Remember that the ES URL you need to configure your CM is in the form https://<es_endpoint>:9200.

Alternatively, you can add Ansible tasks like the last two in the snippet to display the Elasticsearch endpoint you've created. The example shows capturing an endpoint where ES is configured as a publicly accessible service; change the final .Endpoint to .Endpoints.vpc if your ES service is configured within a VPC.

Step 2. Backup Your CM Database

Create a backup of your Circulation Manager Postgres database (or snapshot the RDS instance) if you choose to have the capability of "rolling back" to your previous ES instance. Again, there are a number of software clients to use in creating your database backup. Perform your database backup as you normally would, from using a simple psql command line approach to creating a snapshot of an AWS RDS database instance.

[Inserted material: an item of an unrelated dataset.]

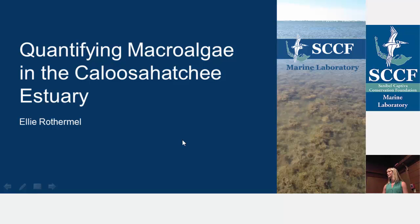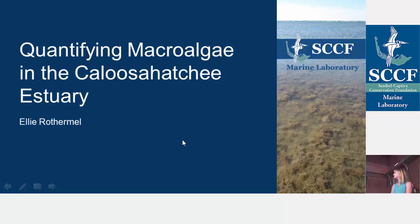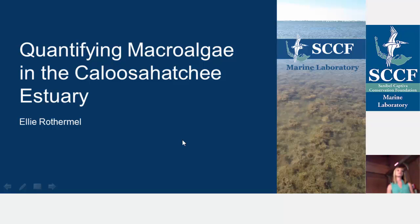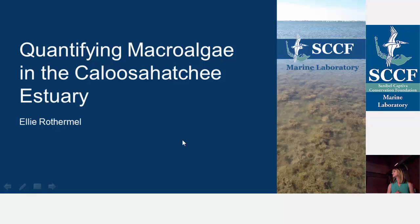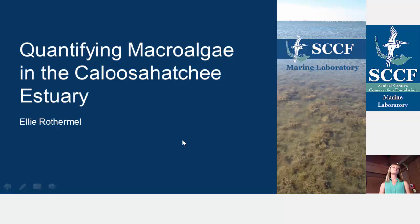Thanks everybody for coming out today to hear me talk about my attempts at quantifying macroalgae in the Caloosahatchee estuary. As many of you have probably seen or heard about, blooms of macroalgae have been becoming an increasing problem in our area. As these blooms increase in frequency, extent, and biomass, they pose a really significant threat to our ecosystems in Sanibel.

As an example of performing a full backup of the CM database as configured in the Quickstart guide, you could issue the following command (change the Postgres values as needed to match your implementation):

pg_dump --format=c --file=datestamp_simplified_circ_db_full.sqlc -U postgres -h 172.17.0.4 simplified_circ_db


You can specify a particular path as needed to store the output file. Also, the host IP address is an example here; it could be different depending on the order in which you started the containers. To find the IP address of the pg container in your implementation, issue the command:

sudo docker inspect pg --format="{{range .NetworkSettings.Networks}}{{.IPAddress}}{{end}}"

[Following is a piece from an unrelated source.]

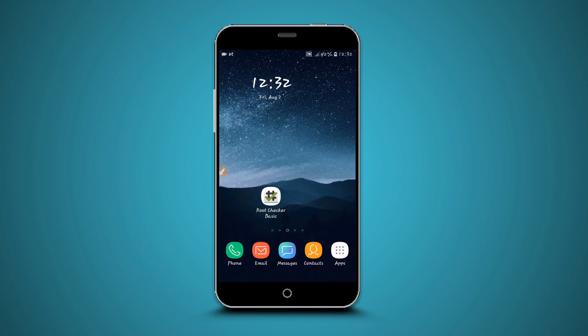Hey, welcome back to a brand new video. In this video I'm gonna be showing you how to root any Android device, easy and simple, without using a computer, without using any custom recovery like TWRP or something like that, without bricking your device, and safely of course.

Step 3. Configure New Elasticsearch URL

Once the new deployment is complete with no errors, go to the CM's Admin interface in your browser and login. You need to change the Elasticsearch search service URL to point to the new Elasticsearch service URL:

  1. Click the System Configuration item in the top menu bar.
  2. Click the Search tab in the left sidebar.
  3. Click the Edit button for the Elasticsearch configuration.
  4. Replace the value in the URL field with the new Elasticsearch service endpoint from Section 1 above.
  5. Click the Submit button to save the change.

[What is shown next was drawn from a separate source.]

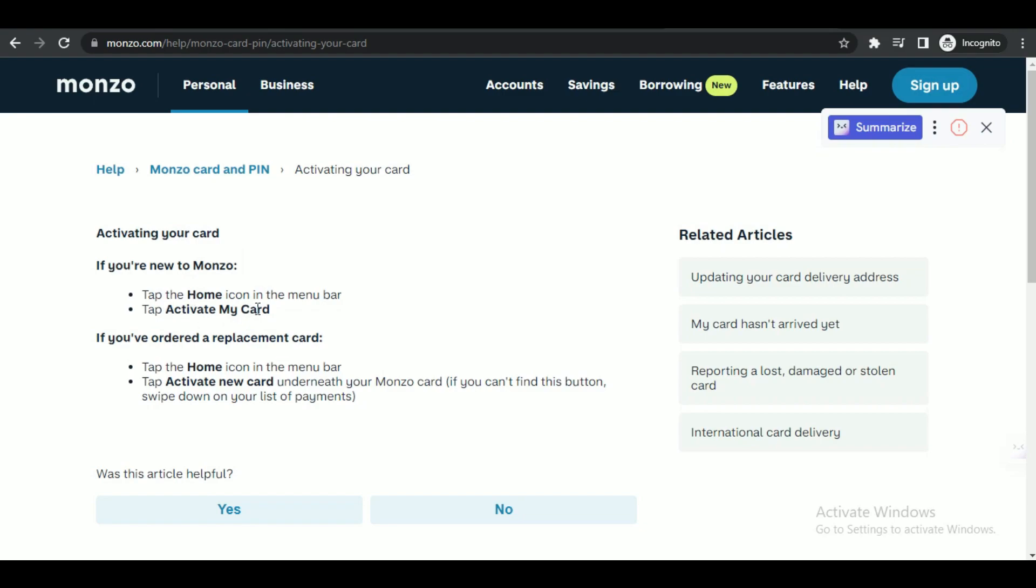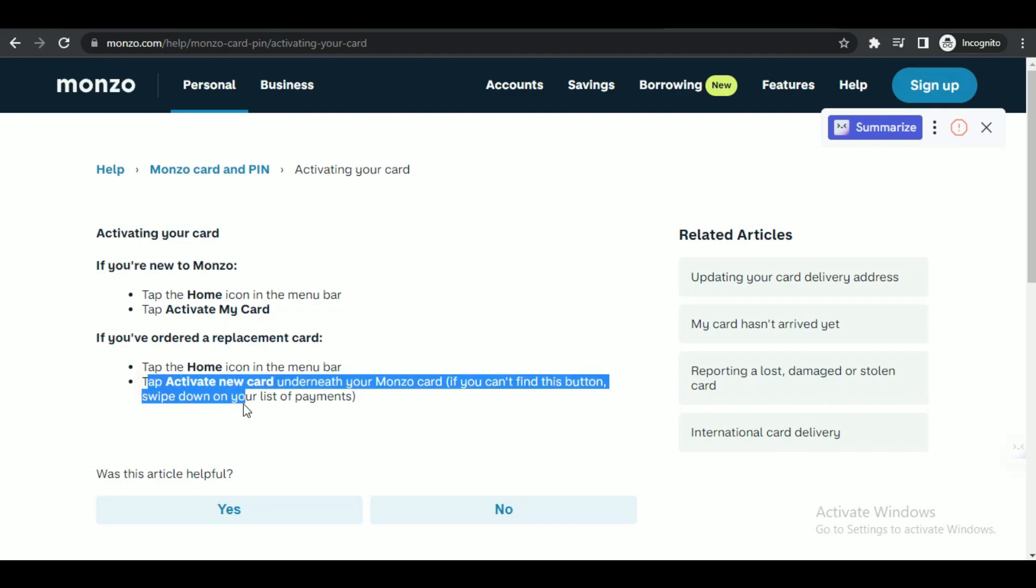But if you're not new to Monzo and have applied for a replacement card, then again tap on the Home icon in the menu bar and then tap on Activate New Card. But if you can't find it there, then simply swipe down on the list of payments and you're done.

Step 4. Deploy New CM Containers

Redeploy the Circulation Manager containers, and perhaps upgrade, using version 2.3.3 or greater. At the time of this writing, version 2.3.6 is the latest CM version; we use that in the example below, since, ultimately, an upgrade to version 2.3.6 is recommended prior to upgrading subsequently to the new 3.x family.) The key element here is adding the new environment variable which specifies the Elasticsearch version to use: SIMPLIFIED_ELASTICSEARCH_VERSION. This must be set to the value 6. Be sure to substitute the placeholders with your CM implementation's actual database values.

sudo docker run --name circ-webapp \
    -d -p 80:80 \
    -e SIMPLIFIED_ELASTICSEARCH_VERSION="6" \
    -e SIMPLIFIED_PRODUCTION_DATABASE='postgres://[username]:[password]@[ip_address]:[port]/[database_name]' \
    -e SIMPLIFIED_DB_TASK="auto" \
    nypl/circ-webapp:2.3.6
sudo docker run -d --name circ-scripts \
    -e TZ="US/Central" \
    -e SIMPLIFIED_ELASTICSEARCH_VERSION="6" \
    -e SIMPLIFIED_DB_TASK='auto' \
    -e SIMPLIFIED_PRODUCTION_DATABASE='postgres://[username]:[password]@[ip_address]:[port]/[database_name]' \
    nypl/circ-scripts:2.3.6


If you have deployed your Postgres database as an AWS RDS service, substitute your implementation's RDS endpoint for the [ip_address] placeholder.

Step 5. Re-create the Search Index

Run the search index repair script to recreate the proper database entries and Elasticsearch index entries to support searching:

sudo docker exec -it circ-webapp /bin/bash
source env/bin/activate
bin/repair/search_index

Step 6. Exit Container

Exit the virtual environment and container. You can also logout of the host if desired.

deactivate
exit


At this point, you should have a functional CM using Elasticsearch 6. Test access and searching in your SimplyE apps to verify. If you have questions or issues along the way, post them in the Slack #devops channel.